Exact wording is needed for every line from the one holding "Hey guys, thanks" to the end of the records below; write those lines out and omit the pictures.

____

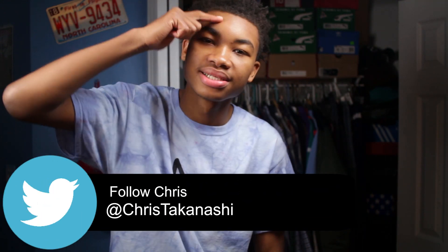I appreciate you guys for watching as always. More videos are coming soon. And I just have to say, blessings, blessings, blessings. And enjoy the on-foot. Chris, out.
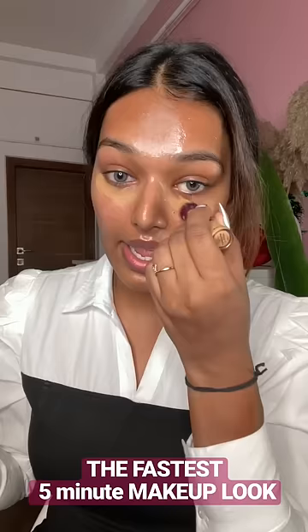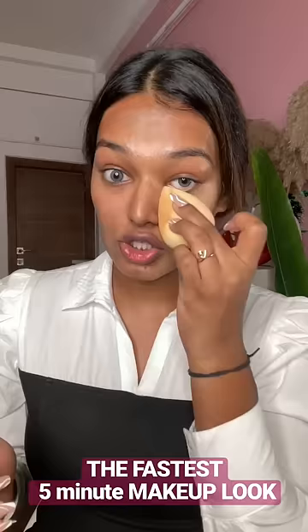I'm going to take the Maybelline Under Eye Age Rewind Concealer. If you use a sponge you can blend the concealer. When the concealer is all blended, take a little foundation.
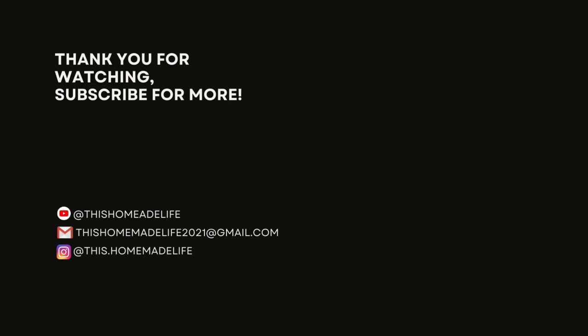All the recipes are linked or listed down below so you can enjoy them at home. Thank you for joining me and I hope you will be here for my grocery haul on Tuesday. I will see you guys there. Have a great weekend. Bye.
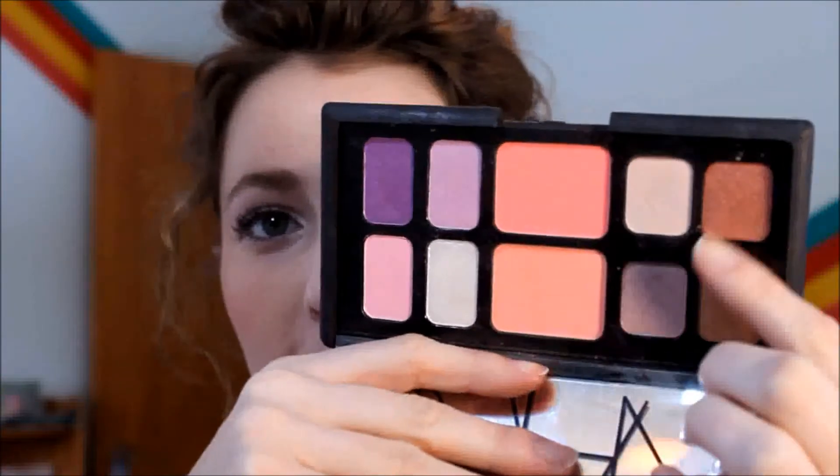Hey guys, thanks for watching this video. This is another look using the NARS palettes I picked up — the one I call more playful. We're just going to be using two tones to create this eye look. They're really a nice muddy kind of purple, which gives you a soft neutral glow of grays and purples, which are really big this year. A nice blush and some lips — keep watching.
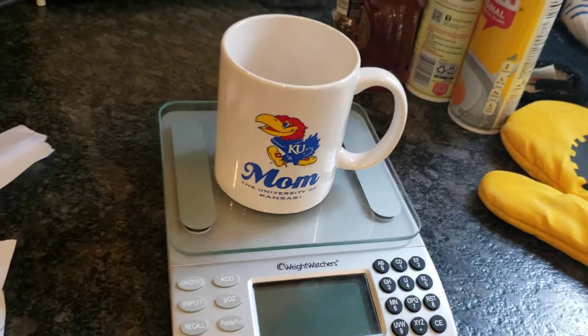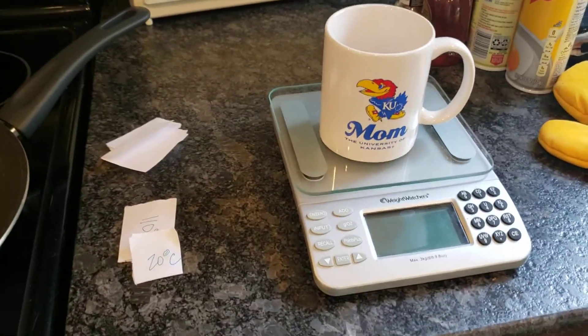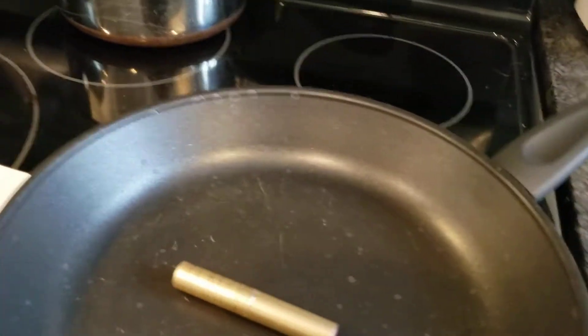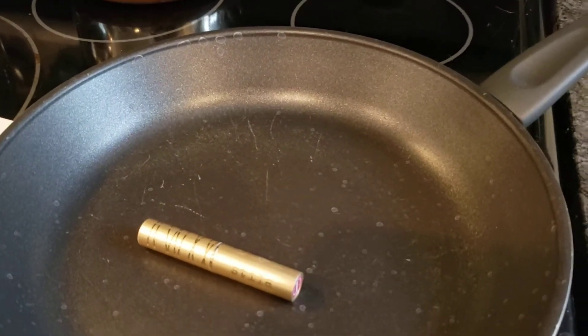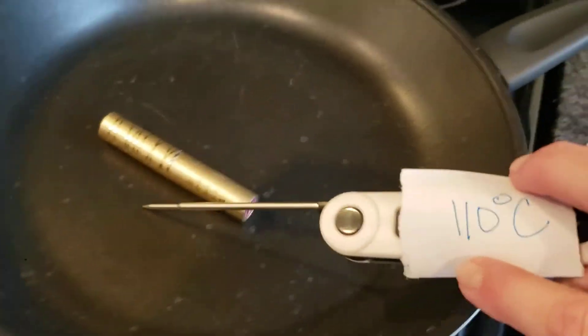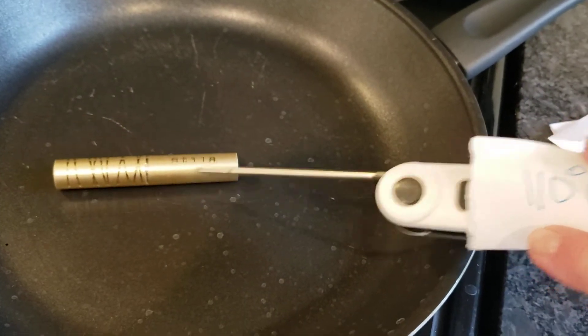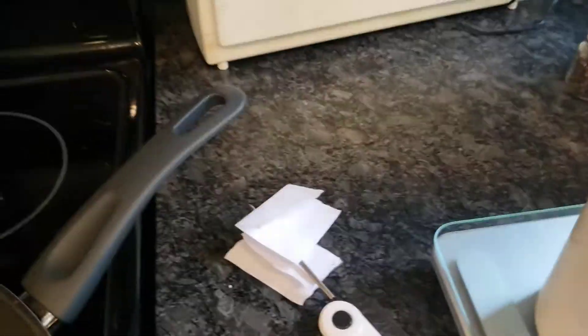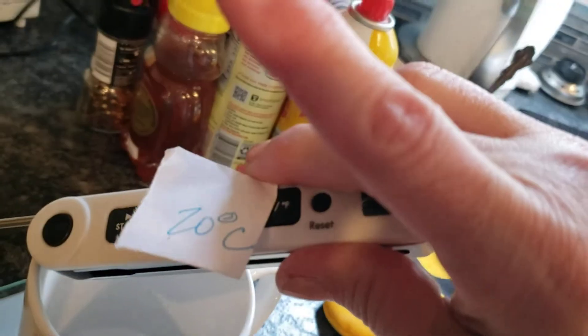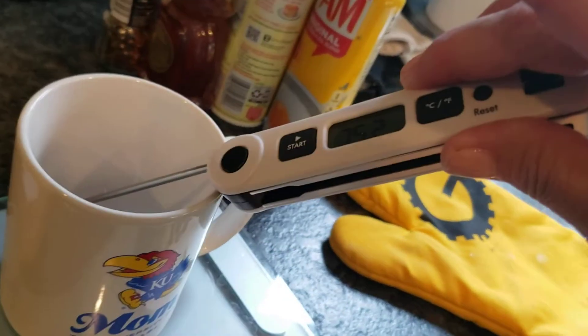Now we're going to take the temperature of our metal. The temperature of our metal is 110 degrees. And we're going to take the temperature of our water — the temperature of the water is 20 degrees.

____

EXERCISE OUTPUT:
Hey guys, thanks for watching this video. This is another look using the NARS palettes I picked up — the one I call more playful. We're just going to be using two tones to create this eye look. They're really a nice muddy kind of purple, which gives you a soft neutral glow of grays and purples, which are really big this year. A nice blush and some lips — keep watching.
Now we're going to take the temperature of our metal. The temperature of our metal is 110 degrees. And we're going to take the temperature of our water — the temperature of the water is 20 degrees.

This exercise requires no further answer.